MARRIAGE : (32.142243959046255, 1.0480944138946852e-07, 2, array([[ 10420.10991248,   3004.89008752],
       [ 12215.39588846,   3522.60411154],
       [   244.49419906,     70.50580094]]))
SEX : (45.744079662370098, 1.3475601294287318e-11, 1, array([[  9084.31779632,   2619.68220368],
       [ 13795.68220368,   3978.31779632]]))
EDUCATION : (98.816227756796266, 3.4860112262384947e-22, 2, array([[  8212.67657236,   2368.32342764],
       [ 10885.03697673,   3138.96302327],
       [  3782.28645091,   1090.71354909]]))
AGE_GROUP : (36.866440293668418, 6.3702925695916702e-07, 5, array([[  8.41448131e+03,   2.42651869e+03],
       [  8.17076328e+03,   2.35623672e+03],
       [  4.56622023e+03,   1.31677977e+03],
       [  1.51974489e+03,   4.38255106e+02],
       [  1.97147703e+02,   5.68522966e+01],
       [  1.16425809e+01,   3.35741909e+00]]))


Although the Chi Square test gives no indication as to the relationship between the explanatory and the explained, the very small p-values suggest that we can reject the notion of independence and accept that there is some degree of association.
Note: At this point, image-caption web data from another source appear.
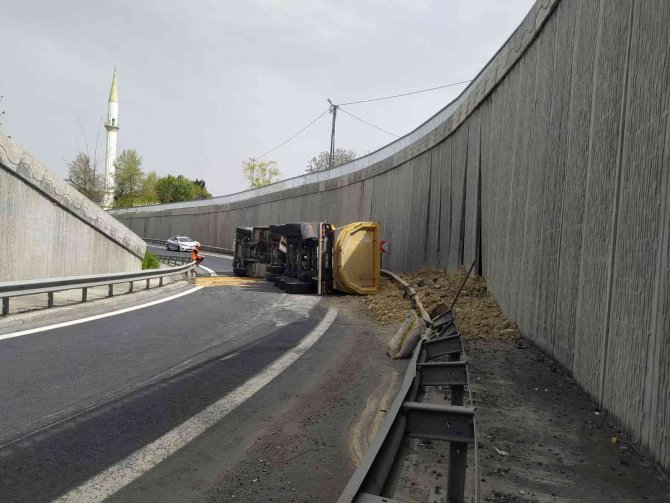 Virajı Alamayan Hafriyat Kamyonu Devrildi, Bir Kişi Yaralandı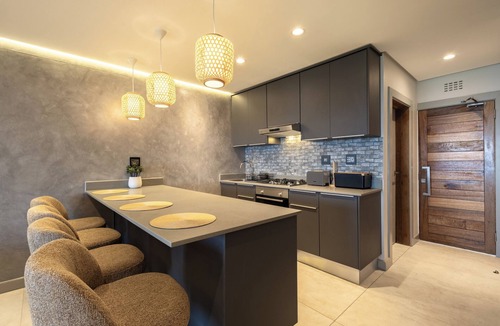 Umhlanga Ridge Apartment | Luxury Umhlanga Escape | Sea Views, Balcony, Pool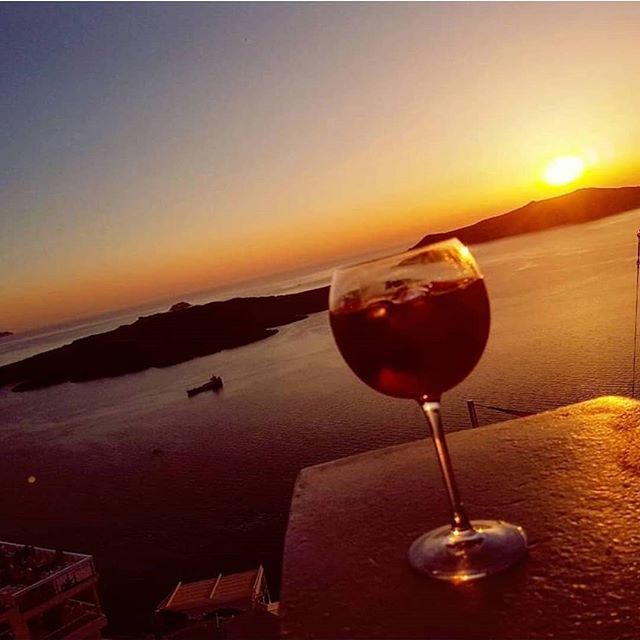 SantoSecrets's tweet image. How did you welcome #december yesterday? Would you rather had a glass of #santoriniwine enjoying this view instead? 🍾🍷🌅
#santorinisecrets #lovesantorini #instasantorini #visitsantorini #destinationsantorini #thira #instamoment #skyporn #santorini #on… ift.tt/2AIKktf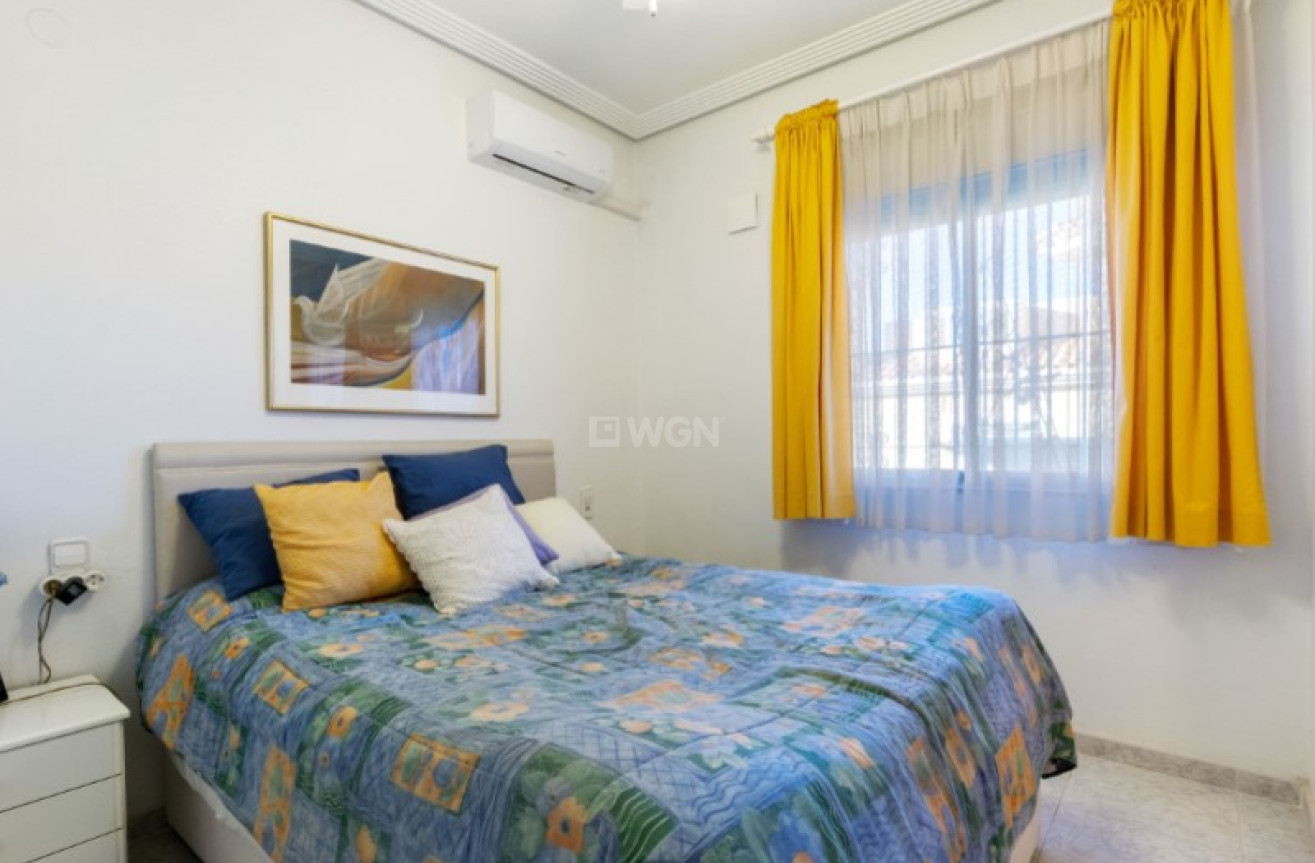 Odsprzedaż - Villa - Torrevieja - Costa Blanca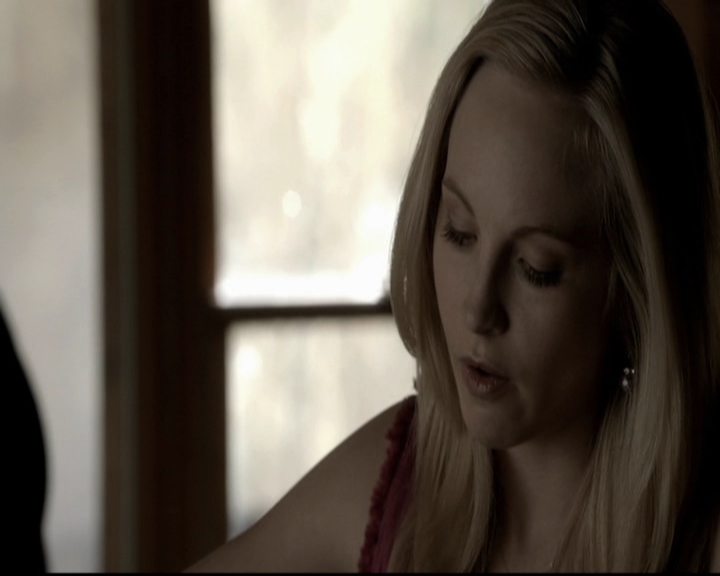 VampireDiariesWorld-dot-org_5x20WhatLiesBeneath0802.jpg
As such, all the categorical variables will be retained.

With the Payment and Bill amounts performing rather poorly in isolation, I attempted to see whether a ratio between the two would be helpful in explaining Default. Intuitively a ratio of 1:1 would suggest a good user that pays the whole bill. 

I looked at the amount for both variables totalled over the 6 periods to smooth out any unusual behaviour occuring in just a single month. Importantly, to stick to real numbers it would be necessary to delete any Total Bill Amounts that were zero.

In [30]:
#create a reduced dataframe of just postivie amounts for Total Bill
df['TOTAL_BILL'] = df['BILL_AMT1'] + df['BILL_AMT2'] + df['BILL_AMT3'] + df['BILL_AMT4'] + df['BILL_AMT5'] + df['BILL_AMT6']
df_pos_bill = df[df['TOTAL_BILL'] !=0]
reduced_df = df_pos_bill.copy()

In [31]:
#for this dataframe also calculate Total Pay and ratio between that and Total Bill
reduced_df['TOTAL_PAY'] = reduced_df['PAY_AMT1'] + reduced_df['PAY_AMT2'] + reduced_df['PAY_AMT3'] + reduced_df['PAY_AMT4'] + reduced_df['PAY_AMT5'] + reduced_df['PAY_AMT6']
reduced_df['TOTAL_PAY_BILL'] = reduced_df['TOTAL_PAY'] / reduced_df['TOTAL_BILL']

In [32]:
scipy.stats.pointbiserialr(reduced_df['TOTAL_PAY_BILL'], reduced_df['DEFAULT'])

PointbiserialrResult(correlation=-0.011549367757713662, pvalue=0.05071230917306397)

Almost zero correlation and p-value is of questionable significance. Perhaps just as importantly, using this reduced dataframe would mean the loss of 852 rows which is far too high a sacrifice for this. Variable will not be used.

In addition to the above experiment with Payment/Bill, the other variables I will drop from further modelling are all the Bill Amounts (Full, A & B being so close to zero), the averaged Payment Amounts for periods A and B (the full 6 month period being a stronger correlation), the Bill Amount/Limit Amount Ratio averaged over 6 months (periods A & B being more informative separately), the Repayment Delay  averaged over 6 months (periods A & B being more informative separately), the Pay Score and the Bill Score (correlation coefficients so close to zero.